Le patio peut donc être considéré comme faisant corps avec cette définition, puisqu’il a fait l’objet, nous le verrons, de nombreuses appropriations par des cultures différenciées. Ainsi donc ce type d’architecture prend vraisemblablement source du milieu dans lequel il s’intègre, et constitue donc une réponse acceptable dans notre quête d’un processus de conception durable. Vous comprendrez alors pourquoi je pense que venir puiser dans ces ressources ancestrales peut constituer une trame de recherche, dans les ambiances, mais en ayant toujours à l’idée qu’un dispositif reste au service d’autres enjeux. Le terme « vernaculaire » désignerait alors également la construction qui utilise les ressources et les méthodes disponibles localement pour répondre aux besoins locaux, c’est ce que l’on pourrait appeler l’architecture autochtone.

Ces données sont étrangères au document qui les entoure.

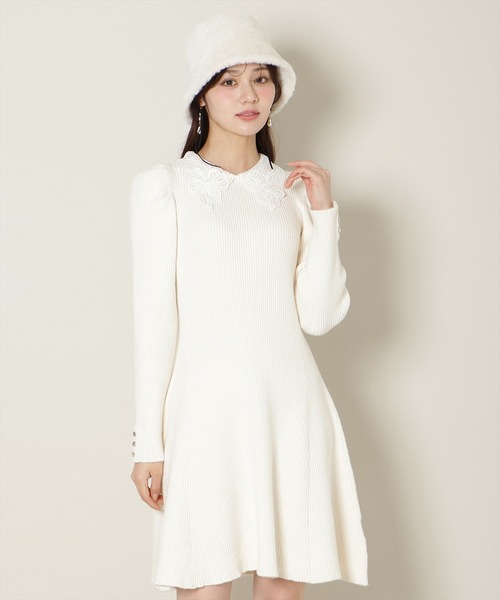 【新品未使用】WILLSELECTION ホワイトロングニットワンピース リボン 12/5(fri)10時発売】リボンレースカラーニットワンピース（ワンピース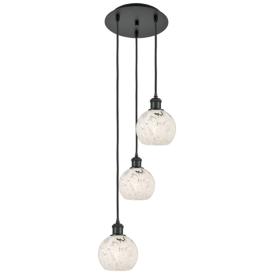 Ballston 12.5"W 3 Light Matte Black Corded Multi Pendant w/ Mouchette Ballston 12.5"W 3 Light Matte Black Corded Multi Pendant w/ Mouchette
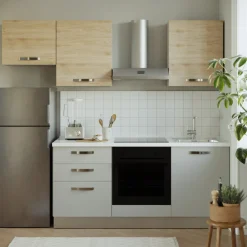 Cucina 240cm reversibile moderna lineare rovere grigio chiaro ChefEasy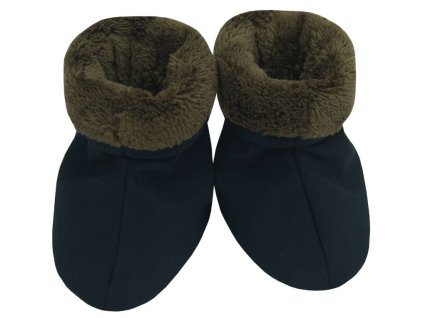 ESITO Capáčky softshell s chlupem černé - 1 ( 6 - 12 měsíců ) / černá / hnědá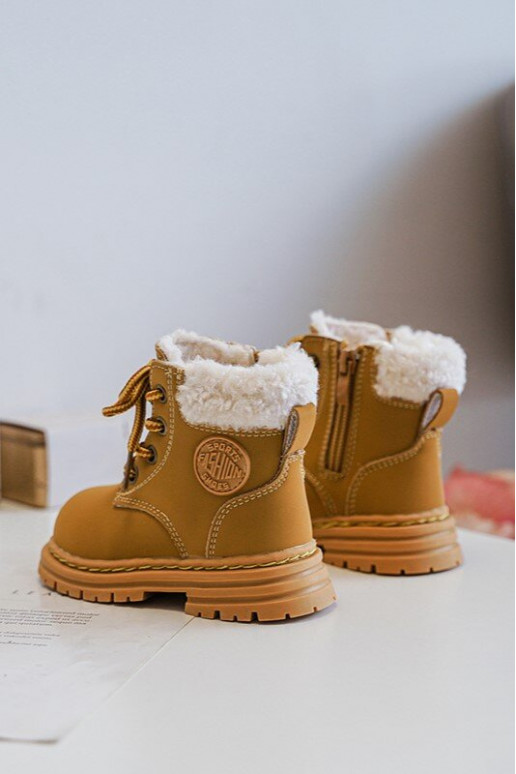 Bērnu apavi ar rāvējslēdzējiem z Kożuszkiem brūnas krāsas Marialee Bērnu apavi ar rāvējslēdzējiem z Kożuszkiem brūnas krāsas Marialee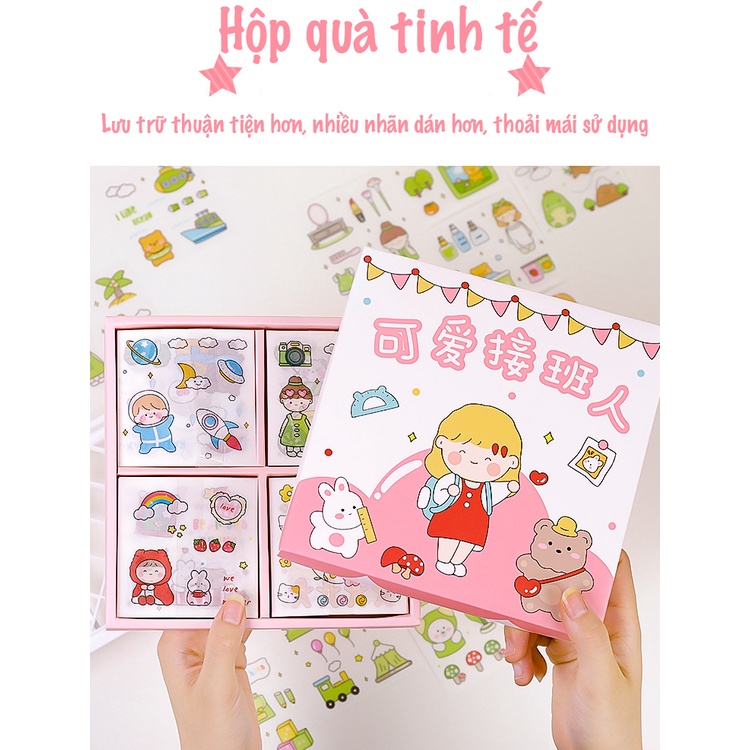 [Hàng mới về] Set Hộp Sticker 100 Tấm,hơn 1000 hình dán chống nước họa tiết hoạt hình dễ thương dùng trang trí DIY Cute.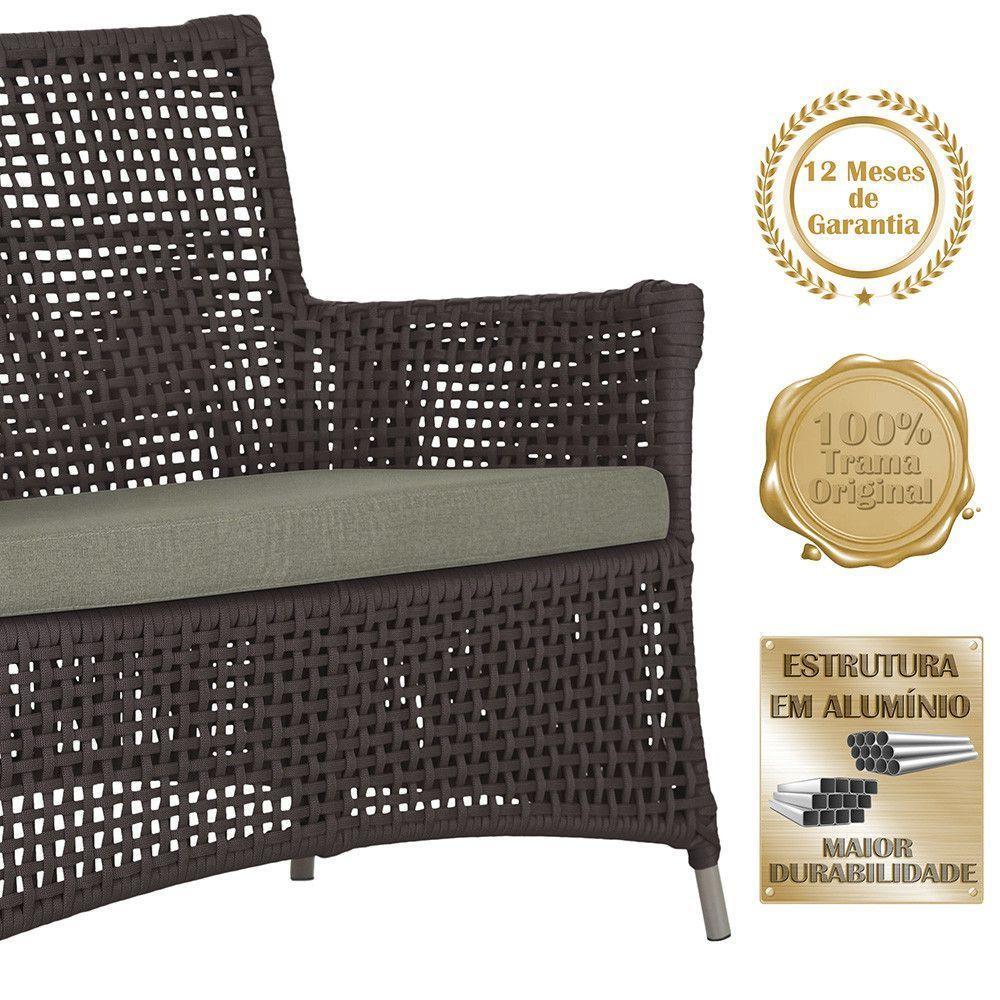 Jogo Sofá E 2 Poltronas E Mesa Igapó Fendi E8 Trama Original Marrom - 4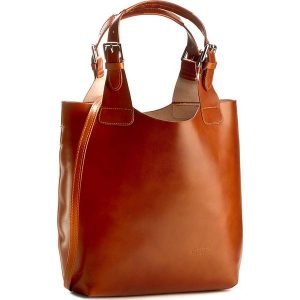 Torebka CREOLE - RBI117 Koniak. Brązowe torby na ramię Creole, bez wzorów, ze skóry, klasyczne, na ramię, duże, bez dodatków. Za 299.00 zł.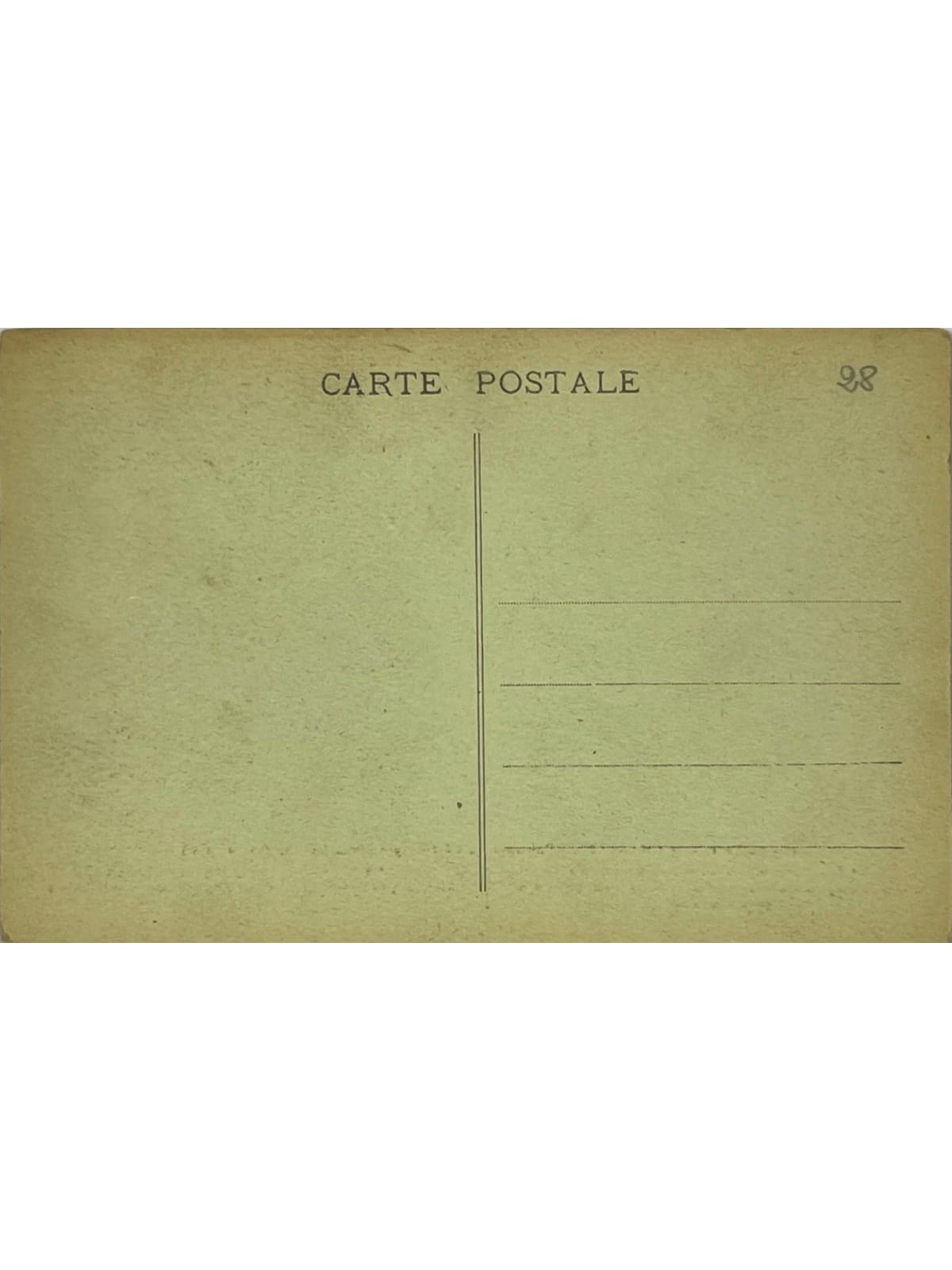 Verso de la carte postale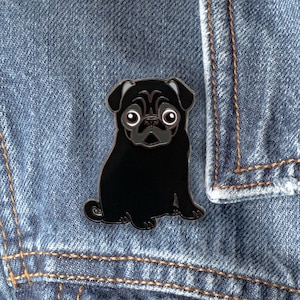 Black Pug Hard Enamel Pin |  Cute Pug Pin | Cute Pug Gift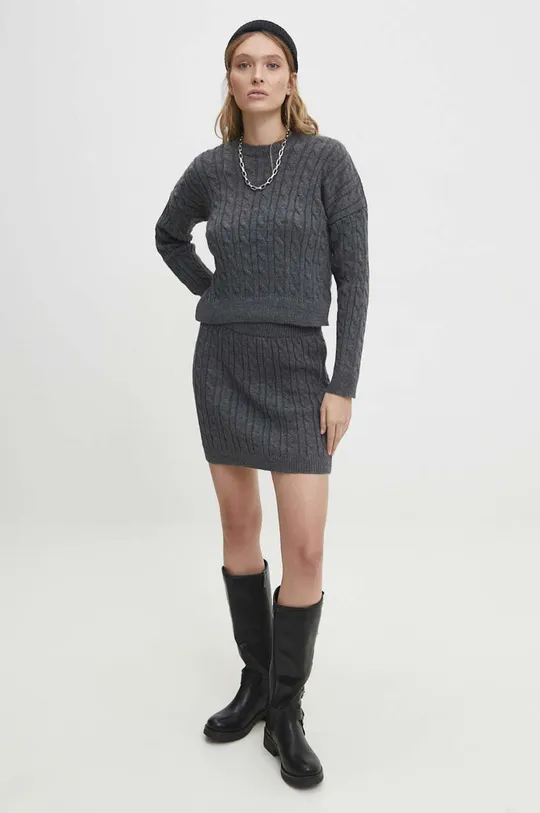 szary Answear Lab komplet sweter i spódnica Damski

Mais le questionnement soulevé dans la problématique présuppose justement qu’il puisse exister une forme de logique universelle, et notamment pour les maisons à patio(s). Le choix du patio s’est donc révélé comme le dénominateur commun à cette logique, véritable outil de régulation thermique et hygrométrique dans les régions chaudes du globe, il constitue un objet de recherche intéressant puisqu’il a contribué par le passé, à rafraichir les espaces adjacents de la maison. De plus, il apporte une pièce entre intérieur et extérieur avec des fonctionnalités qui varient suivant ses qualités d’ambiance, sa taille et sa symbolique vernaculaire. Le champ d’exploration est assez vaste pour en décrypter sa définition en termes d’ambiance, ou plutôt, ses définitions : il va de soi que chaque culture a pu s’approprier cette typologie pour des raisons différentes, mais que le facteur «climat » reste l’élément central de décision de ce parti pris architectural, par les habitants. L’affirmation d’une telle hypothèse prend légitimité dès lors que l’on considère que la forme « patio » a été réalisée sur chaque continent ou presque, et que le climat ou les conditions météos y soient des éléments déterminants.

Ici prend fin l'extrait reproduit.